# Dataset section:
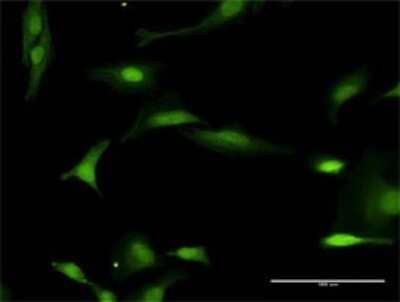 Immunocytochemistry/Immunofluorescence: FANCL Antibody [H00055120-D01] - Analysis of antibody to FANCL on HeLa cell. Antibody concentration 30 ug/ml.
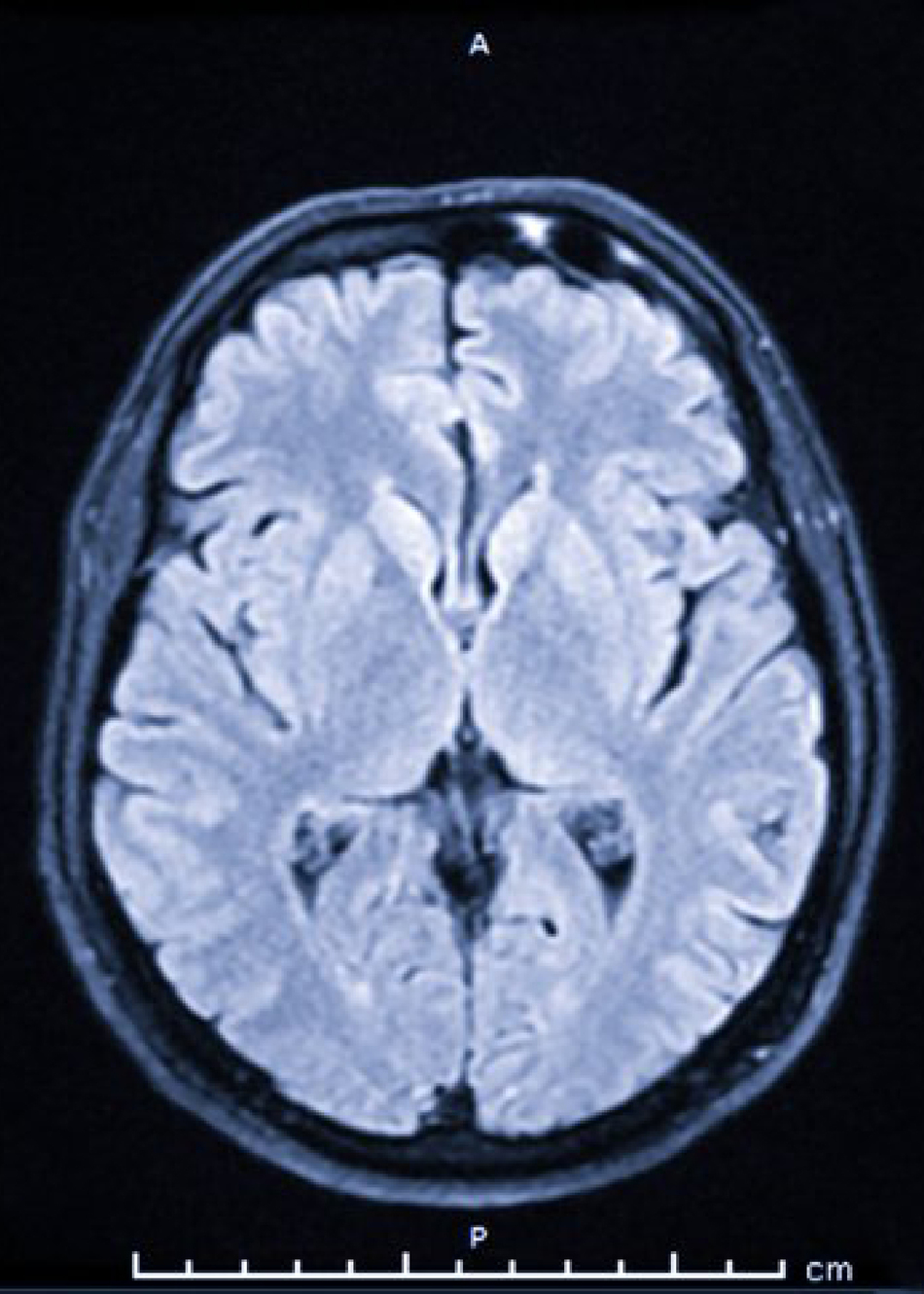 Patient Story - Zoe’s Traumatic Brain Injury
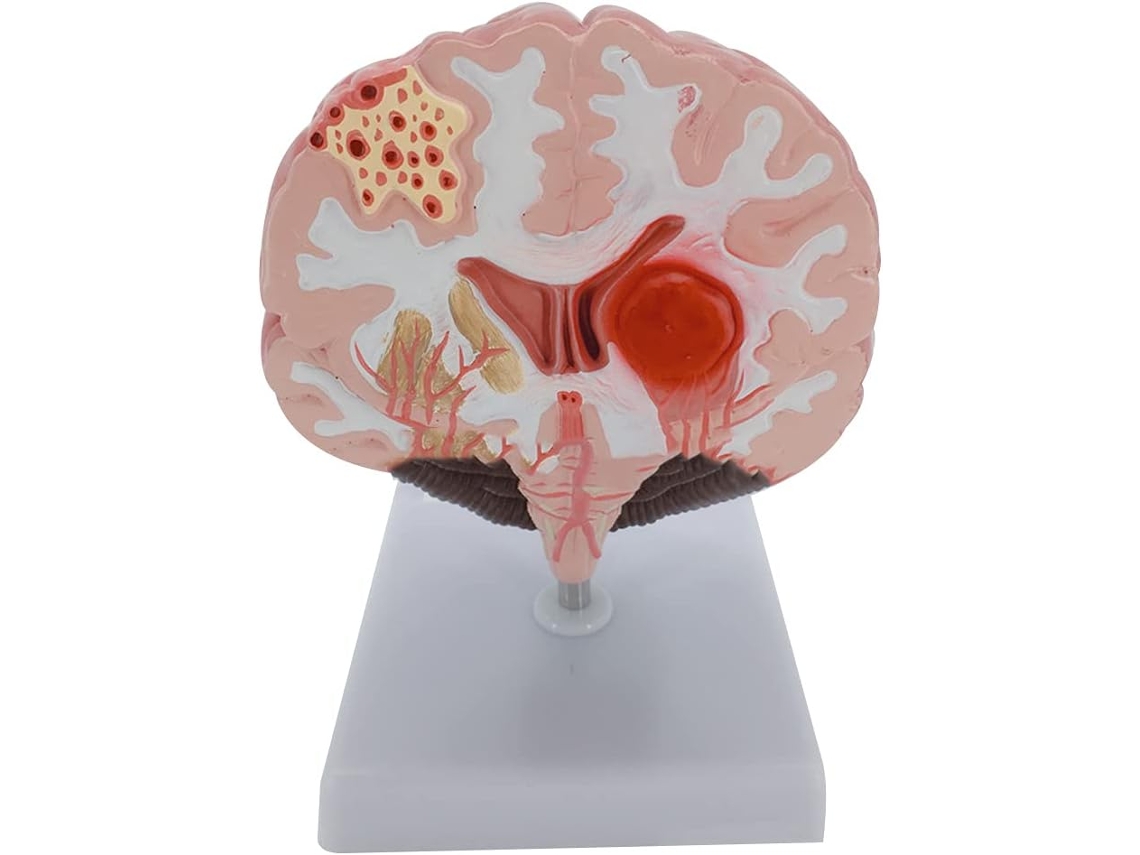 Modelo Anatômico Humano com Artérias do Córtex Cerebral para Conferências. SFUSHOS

# Exercise:
Output every line above exactly as it stands, and drop any picture.

# Task solution:
 Immunocytochemistry/Immunofluorescence: FANCL Antibody [H00055120-D01] - Analysis of antibody to FANCL on HeLa cell. Antibody concentration 30 ug/ml.
 Patient Story - Zoe’s Traumatic Brain Injury
 Modelo Anatômico Humano com Artérias do Córtex Cerebral para Conferências. SFUSHOS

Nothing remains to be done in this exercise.